Spirited Away is not an epic fantasy story; it is a reality show. The fantasy adventure premise is merely a vehicle to transport you to a world. Once you are settled in this world, the movie is not about this central conflict. It is about Chihiro, a young immature girl, learning to adapt to a new environment, and mature into a responsible and strong individual.
It is, for this very reason, that the plot of saving her parents is somewhat abandoned for the second and third acts of the film, only to be quickly resolved in the last five minutes. The movie is not about that story, it is about a story of personal growth in a unique setting. But the conflict did get you invested in Chihiro and the characters that inhabit this world, didn’t it?
Reality shows are about people’s lives, individuals adapting to new situations and dealing with their own personal growth. Although person vs. person conflicts are present, they are often artificially inserted to get you more invested. Sound familiar? Hayao Miyazaki inserted an almost artificial fantasy conflict to get you into your seat, and then pushed it to the side to make room for the real Spirited Away.

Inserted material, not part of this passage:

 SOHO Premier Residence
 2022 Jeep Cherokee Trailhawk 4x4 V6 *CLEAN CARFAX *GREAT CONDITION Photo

It is also for this reason that there is no central antagonist in the story. Yubaba, the witchy owner of the bath house, may seem like an obvious candidate to point fingers at. Those assumptions would be misguided. What did Yubaba ever do to harm our protagonist? Yubaba didn’t turn Chihiro’s parents into pigs, her parents did that out of their own selfishness. Yubaba didn’t refuse to give Chihiro her parent’s back. Chihiro never asked for that directly, Haku told her to just ask for a job in the bath house instead. Rather than simply turning Chihiro into an animal, she decided to allow her to work. Yubaba was just a greedy, but overall redeemable person, using a bad situation to profit. Despite being a spirit, she was just being human.
That’s the core of Spirited Away to me, a story about people. Through Chihiro’s eyes, it’s a peak into a world that has been static for a long time, and will continue to be static after she leaves. Chihiro isn’t some epic fantasy heroine that is going to change the status quo of some fantasy world. She’s just a girl, thrown into a rough situation and learning to mature from it. Spirited Away is not a fantasy adventure, but a reality show peering into a fantasy world through the eyes of an outsider.